**Exercise prompt:** In the data below, find the line with "Gem Lake-Jeff Tift-Framed Giclee Print" and output it along with every later line, exactly, but not the pictures.

########################################

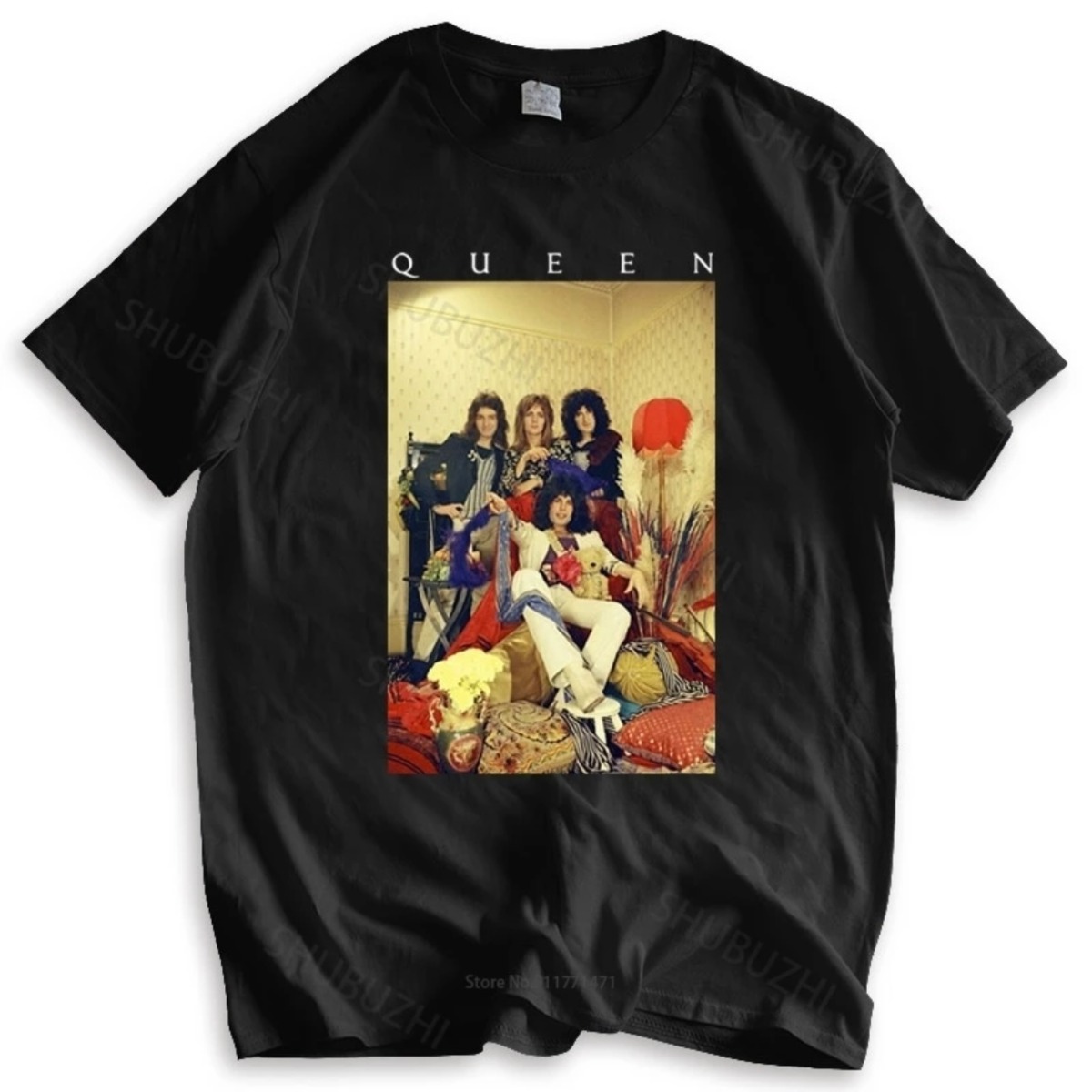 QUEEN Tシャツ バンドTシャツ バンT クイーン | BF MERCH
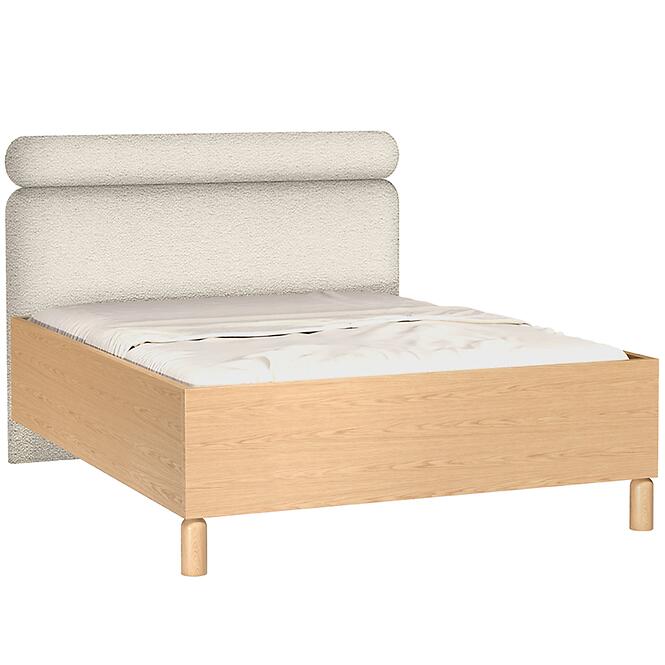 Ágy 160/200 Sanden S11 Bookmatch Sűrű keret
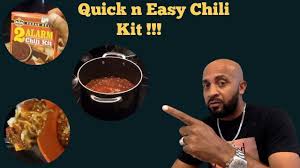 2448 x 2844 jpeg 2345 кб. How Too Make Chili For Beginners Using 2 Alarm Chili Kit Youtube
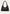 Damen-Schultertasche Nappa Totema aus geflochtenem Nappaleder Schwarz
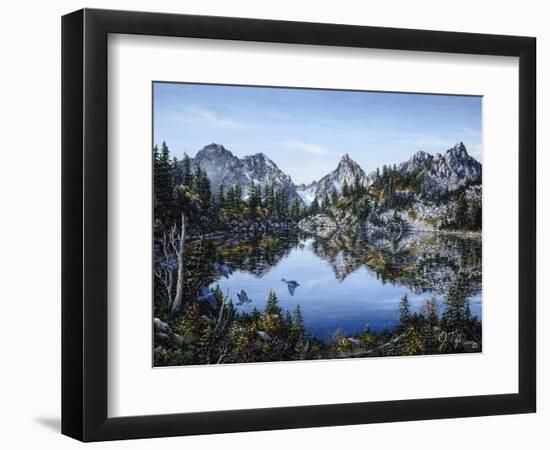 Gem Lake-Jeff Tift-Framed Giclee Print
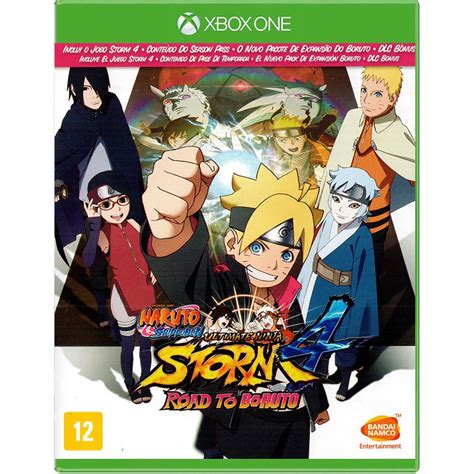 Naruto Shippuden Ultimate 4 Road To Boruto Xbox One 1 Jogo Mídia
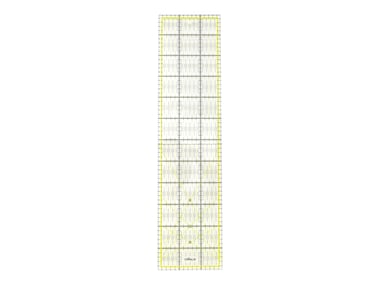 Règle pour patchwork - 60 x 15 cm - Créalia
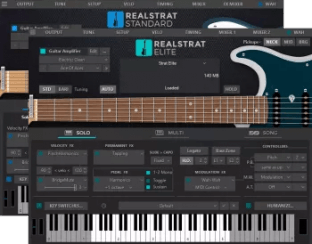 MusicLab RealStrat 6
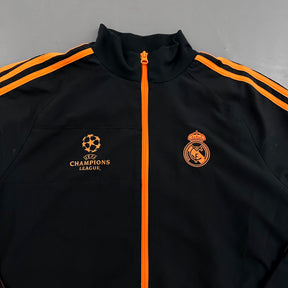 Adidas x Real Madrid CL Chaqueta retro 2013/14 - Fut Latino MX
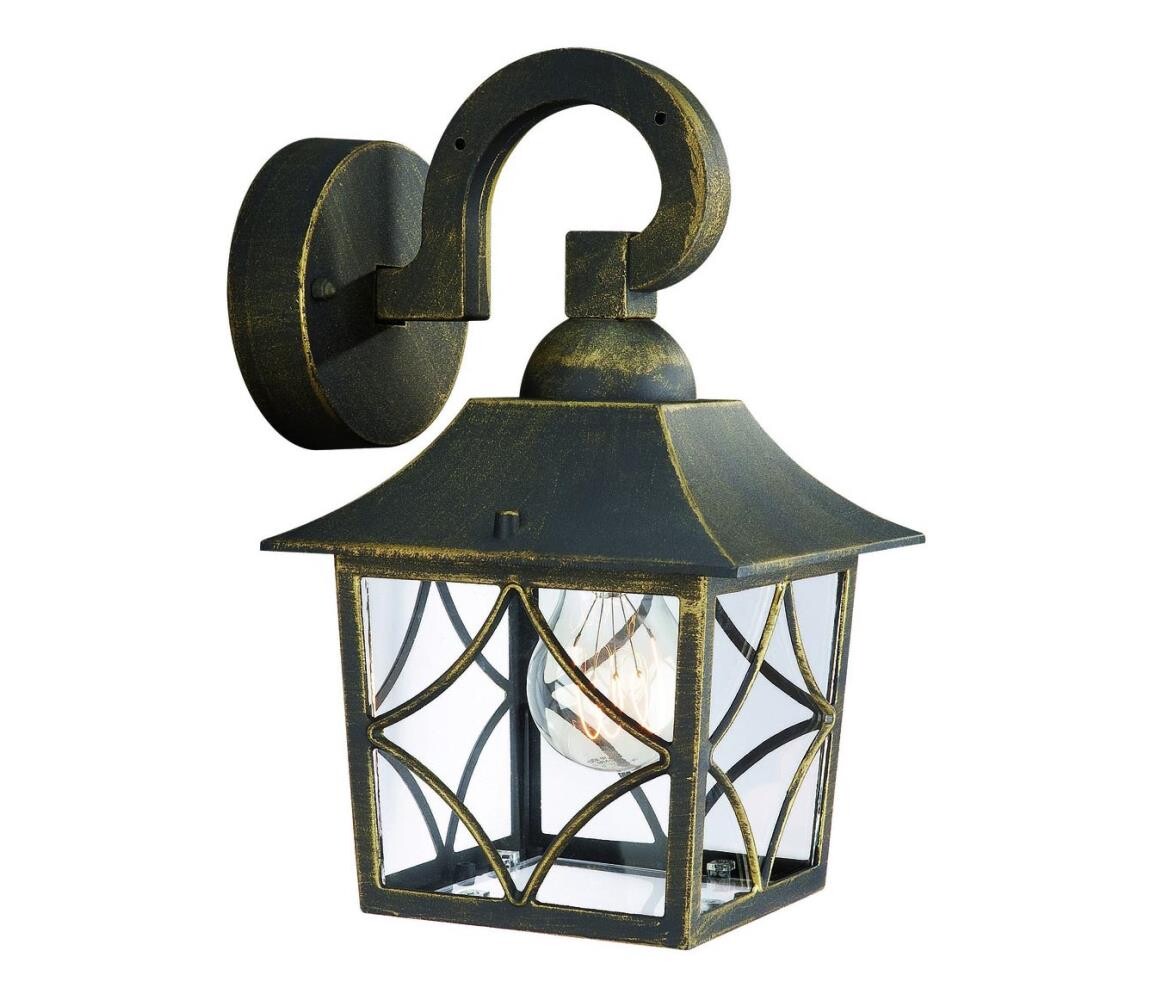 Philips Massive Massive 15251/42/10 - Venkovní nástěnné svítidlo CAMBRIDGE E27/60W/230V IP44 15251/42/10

########################################

**Answer space:**
 Gem Lake-Jeff Tift-Framed Giclee Print
 Naruto Shippuden Ultimate 4 Road To Boruto Xbox One 1 Jogo Mídia
 Règle pour patchwork - 60 x 15 cm - Créalia
 MusicLab RealStrat 6
 Adidas x Real Madrid CL Chaqueta retro 2013/14 - Fut Latino MX
 Philips Massive Massive 15251/42/10 - Venkovní nástěnné svítidlo CAMBRIDGE E27/60W/230V IP44 15251/42/10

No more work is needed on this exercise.